Every school year we begin early on with a seminar on our summer reading. For example, this year we began by discussing Elizabeth Kolbert's Field Notes from a Catastrophe. While the Academy's summer reading program lends itself to being a compulsory program, where students are expected to read, the seminar discussions recreate, at times, something of the friendly banter of a book group. That is, meeting to discuss the book becomes the consummate pleasure of the project. Knowing that everyone in the school is discussing the same book, the same themes and issues is compelling, affirming and intriguing. It's as if the whole school is one behemoth book club for a day.
Book clubs are wonderful institutions. One gets the private pleasure of reading the book and then the pleasure of the social occasion of discussing it. People of all sorts come together to trade ideas on the given text. There may be disagreements or disputes, but there is mostly sharing of ideas and insights that lead to a bridging of gaps between otherwise isolated selves. The text becomes a common ground upon which we can meet to understand one another's predilections and personalities.

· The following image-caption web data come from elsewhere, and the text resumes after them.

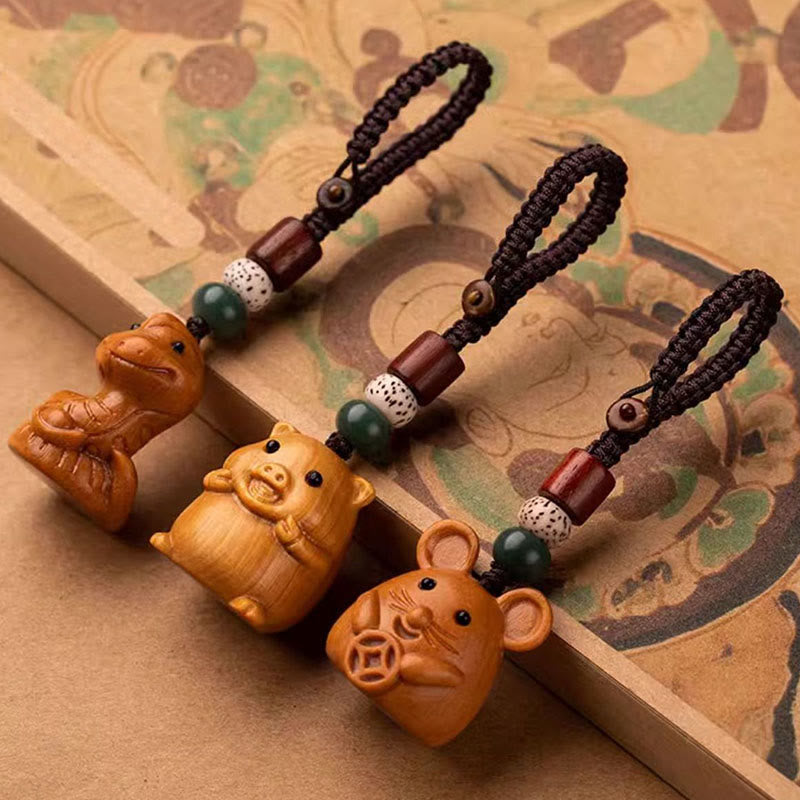 Nimara Ritual Year Of The Horse Red Sandalwood Star Moon Bodhi Seed Blessing Key Chain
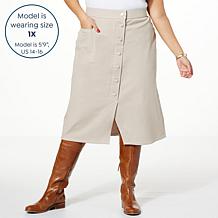 WynneLayers Comfort Stretch Twill Pull-On Pencil Skirt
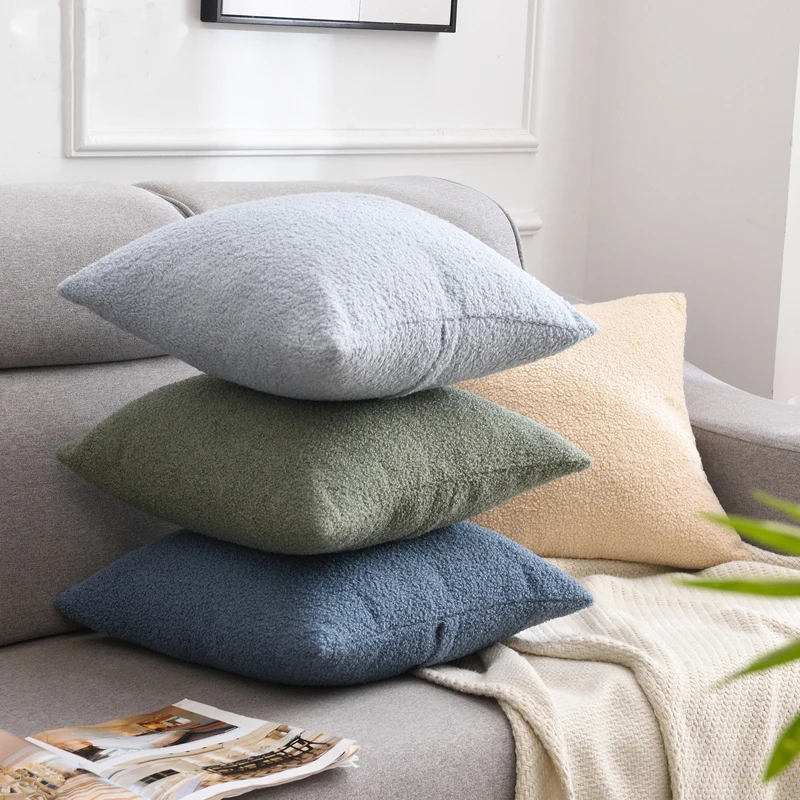 Cozy Nordic Faux Fur Plush Cushion Cover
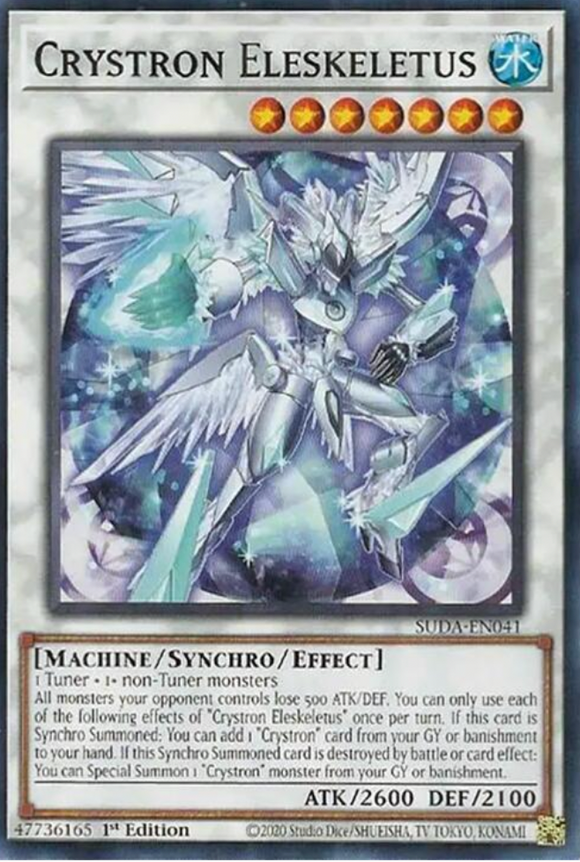 Crystron Eleskeletus - SUDA-EN041 - Common 1st Edition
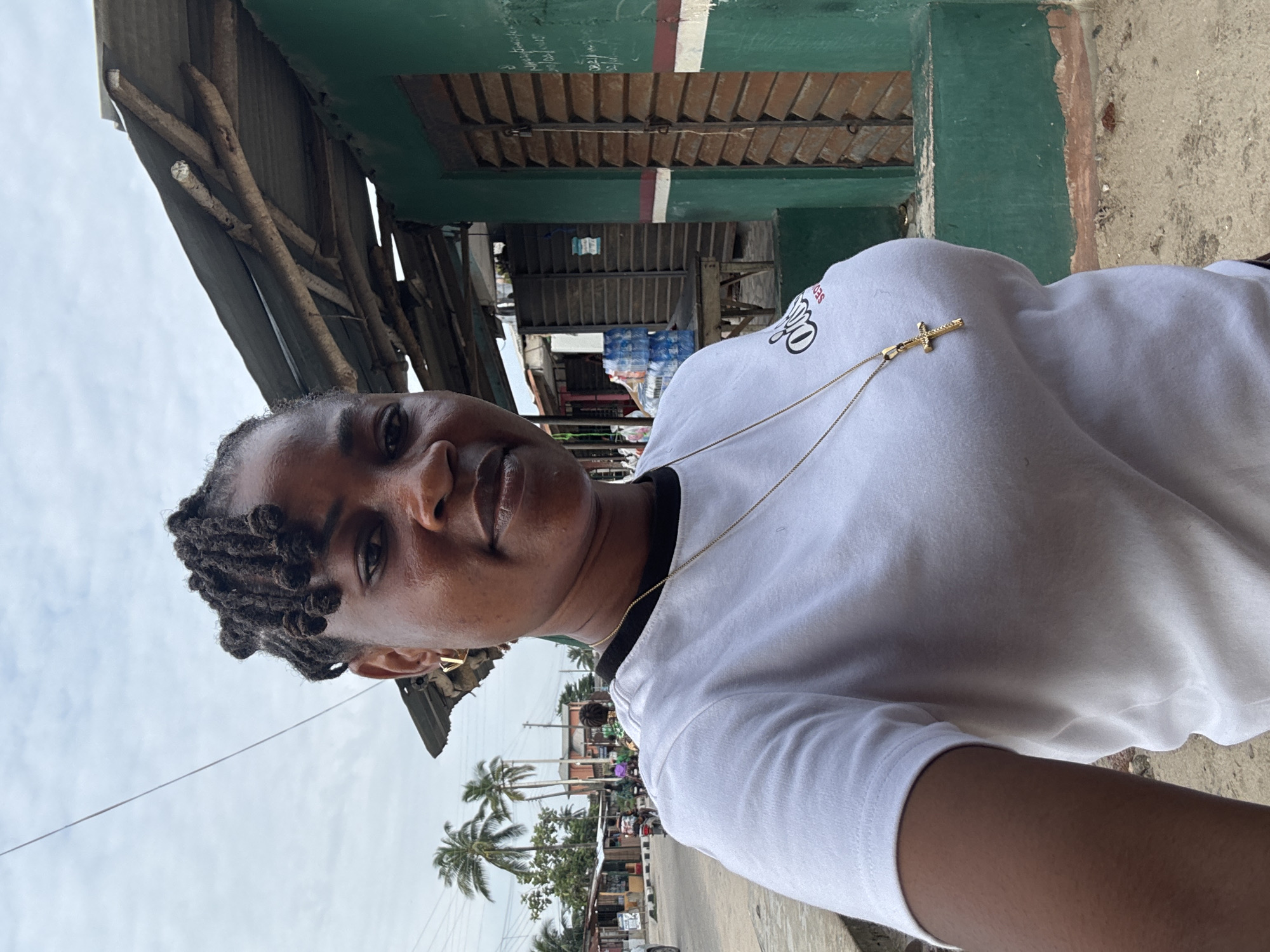 Livestock herding through streets captures daily life in Badagry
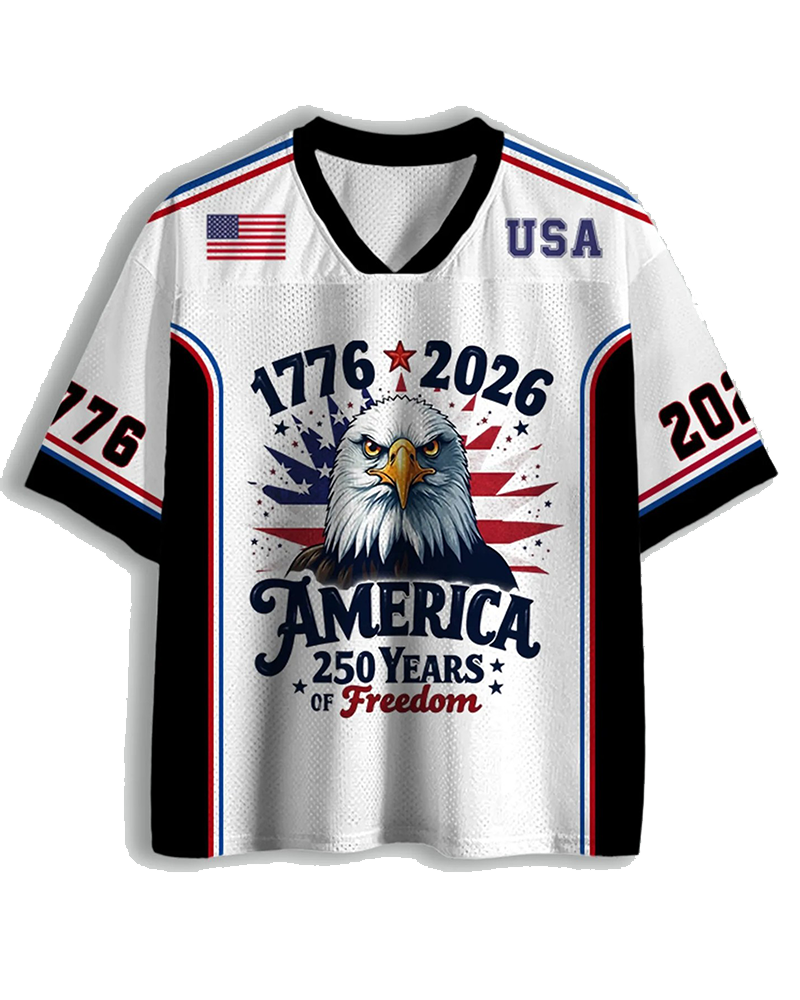 TheRetroTee Vintage 250 Years of Freedom American Mesh Jersey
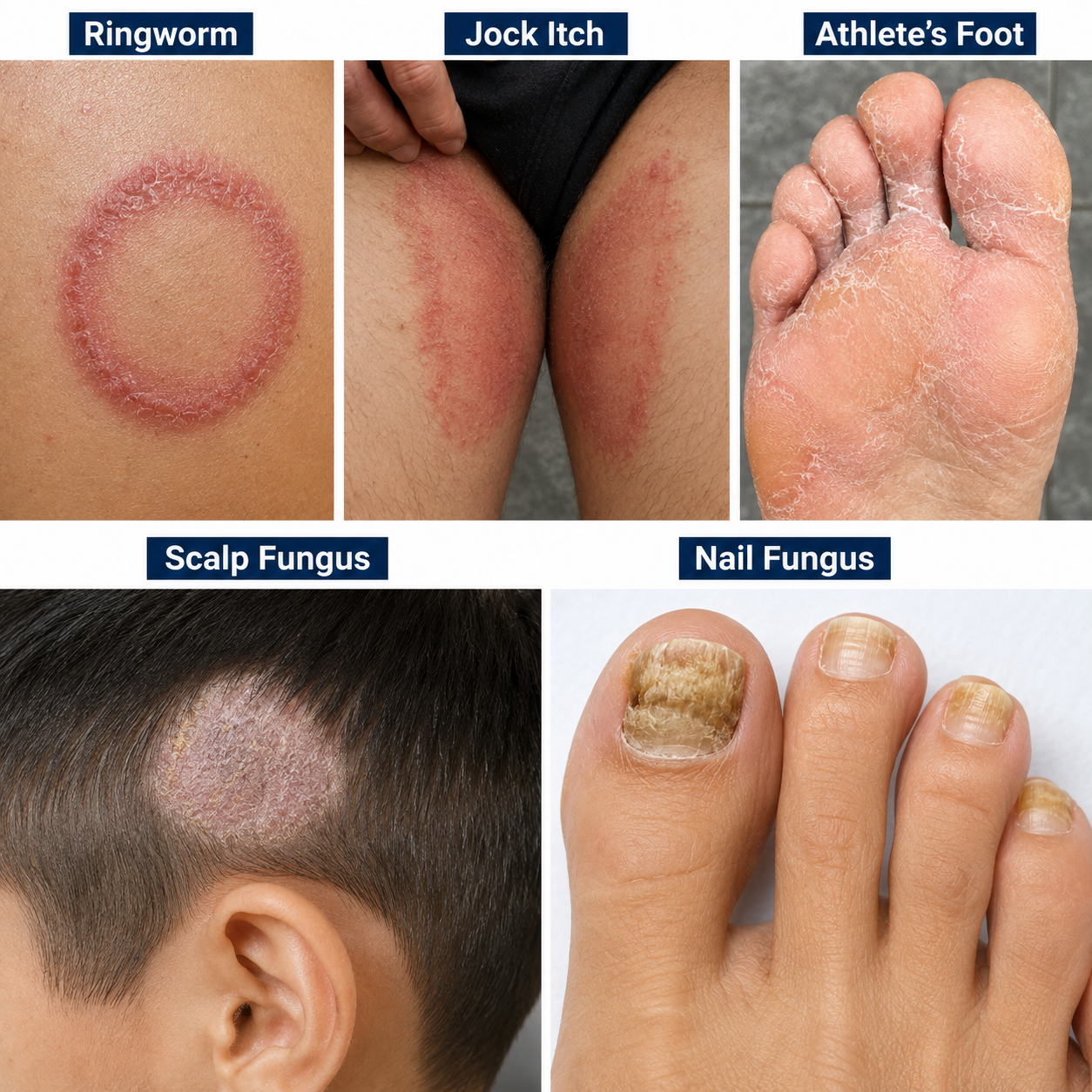 types of fungal infection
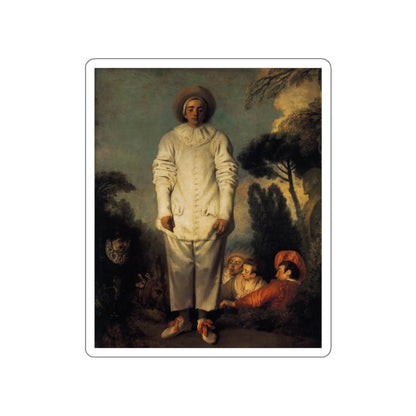 WATTEAU, Jean-Antoine - Gilles (Artwork) STICKER Vinyl Die-Cut Decal-White-The Sticker Space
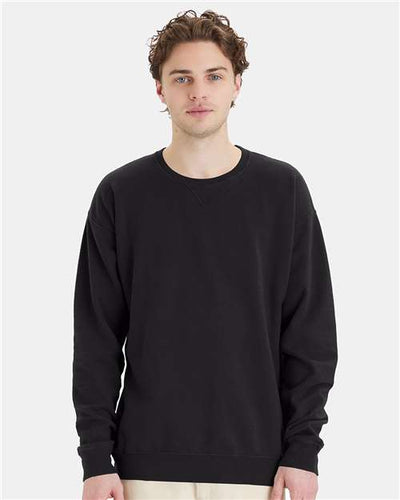 ComfortWash by Hanes GDH400 Black — on model front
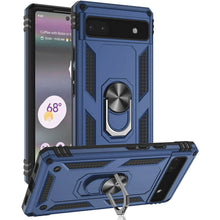 Load image into Gallery viewer, Google Pixel 6a Case with Metal Ring Kickstand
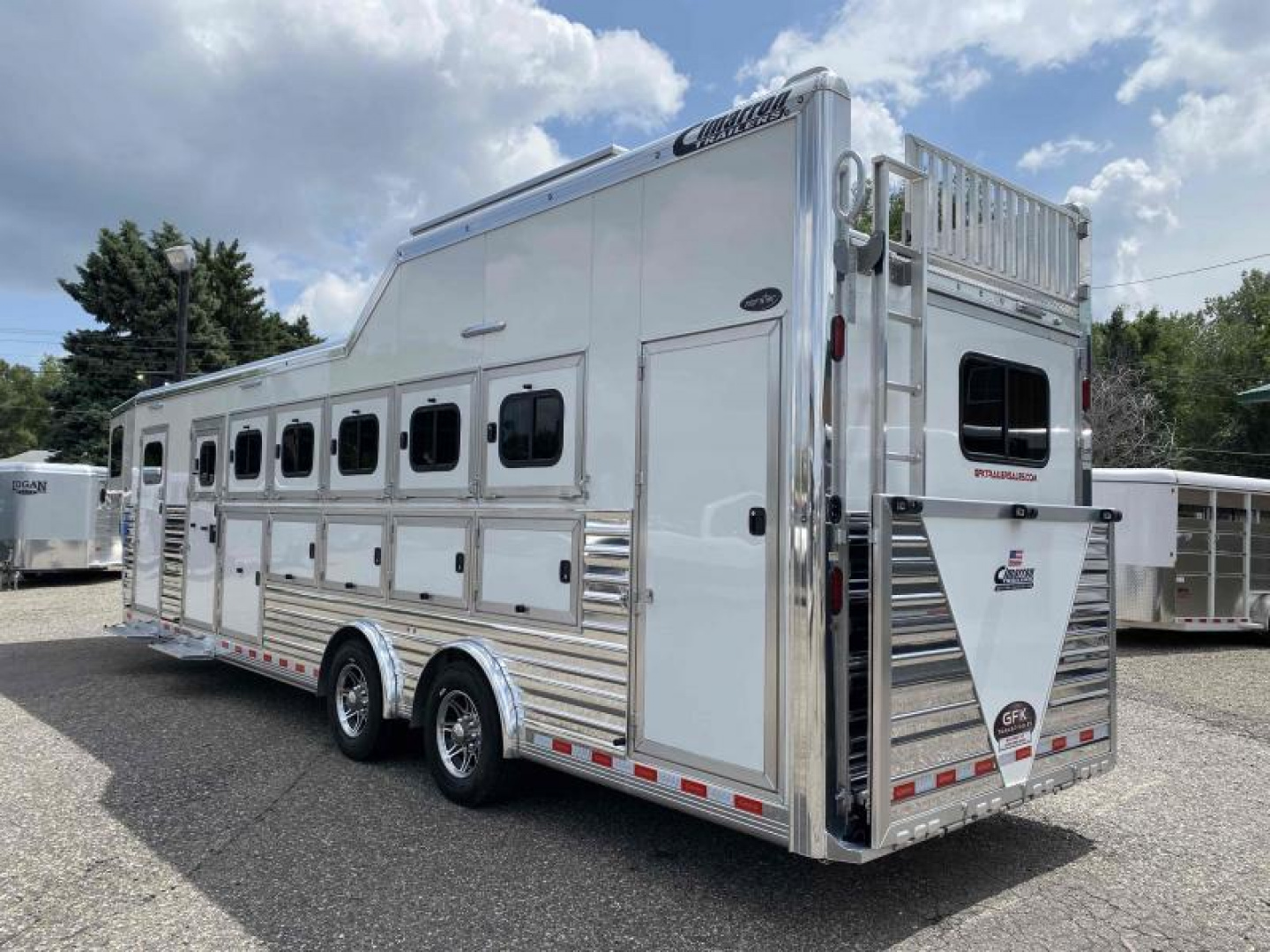 New 2024 Cimarron Norstar 6 Horse Trainer Trailer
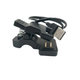 Универсальный USB кабель для зарядки смарт-часов / 2 Pin, 4 mm / 30 см. / Черный - изображение 1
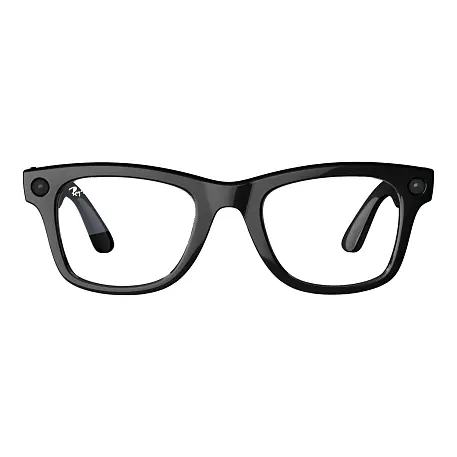 Умные очки Ray-Ban Wayfarer Shiny Black, Clear, (53-22-155mm) - 2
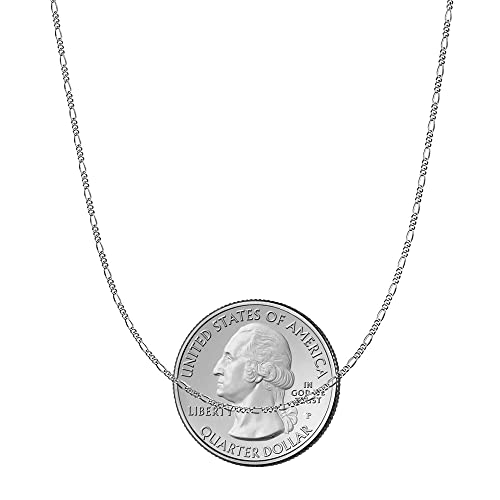 Savlano 925 Sterling Silver Italian Solid 1.6MM Figaro Adjustable Bolo 14-24 Inch Chain Necklace For Women - Made in Italy Comes With a Gift Box - style: Silver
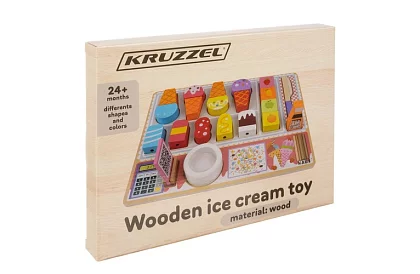 Drewniana lodziarnia – sklep dla dzieci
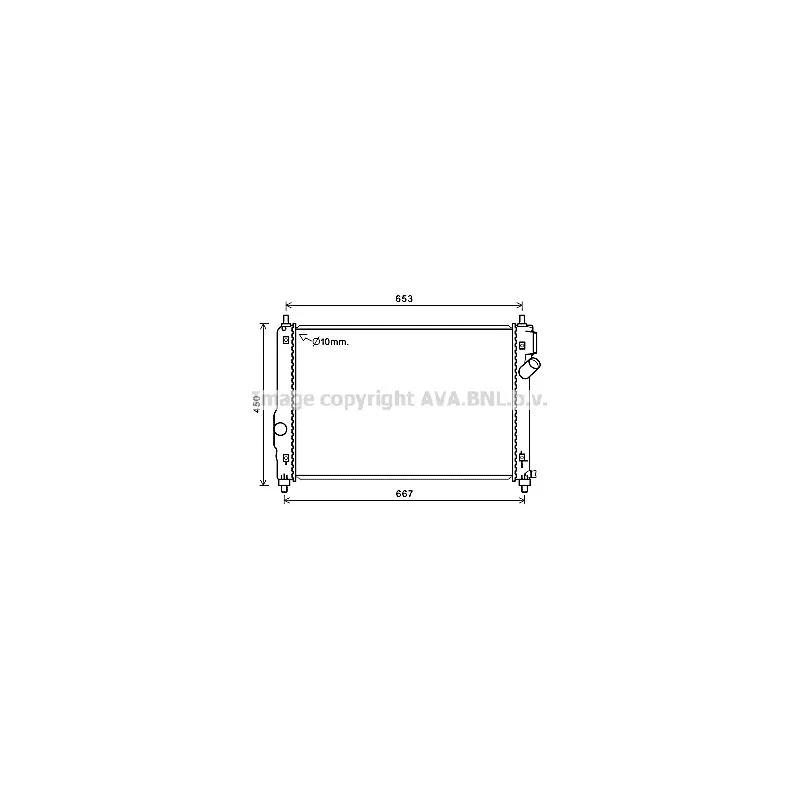 Radiateur, refroidissement du moteur AVA QUALITY COOLING CT2064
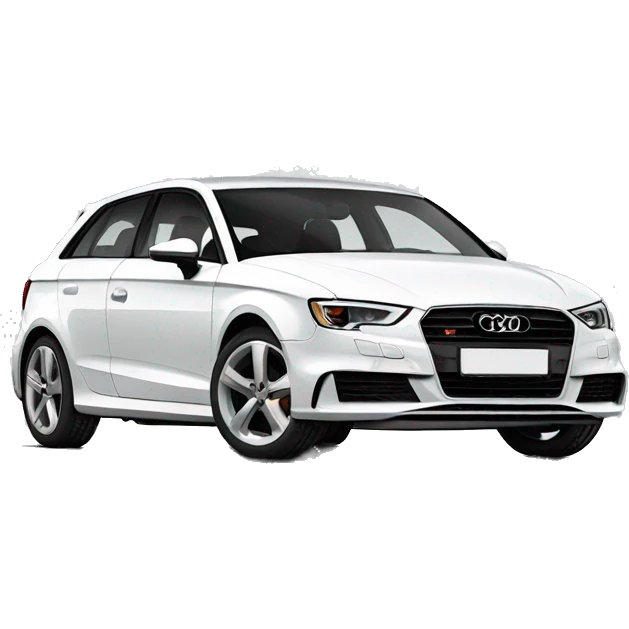 white Audi A3 emoji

Mercersburg has a few book clubs of its own. Most notably, it has the Fifteen--the top fifteen English students in the senior class who meet regularly with the English Department members to discuss the current pick. We started this particular year with Henry James, then read The Curious Incident of the Dog in the Night-Time. Soon we will prepare for a discussion of For Whom the Bell Tolls.
What works most poignantly about the Fifteen is that the students talk candidly on the same level as the faculty and vice versa; there is no hierarchy of ideas or voices. No one is more expert than anyone else. The authority over the text emerges from the collective effort of "the club's" discourse, and no single individual's ambition claims that authority.
We generally have a luscious dessert to go along with the discussion or sometimes a lunch. Food and talk are so primally connected in the human sphere, so it is only natural that some eating takes place during the discussion, harkening back to the 14th century when neighbors actually came by to "chew the fat," literally.
Nevertheless, ideas, often profound, are spawned at these meetings that can compel one to reconsider their place in the world quite thoroughly as any good read or discussion should compel one. I am ever surprised and enthralled by what other people say and how other people think; it amazes me at the various ways folk can approach the world and articulate their views of it. It forces me to consider my own ideas much more rigorously, which is always helpful in sorting through it all. Being thrown back on one's own resources by the substantive thoughts of others re-awakens the mind.
Clubs and activities abound here. That is one of the great riches and challenges of the school; how to fit it all in? By and large, however, everyone finds his or her niche and finds the clubs that satisfy the soul most. The book club, at any school, is a viable idea for both private and public pleasure, for the the cultivation of a voice and a critical mind, for the sustained habit of lifelong reading, and for all sorts of opening of doors into the minds of others.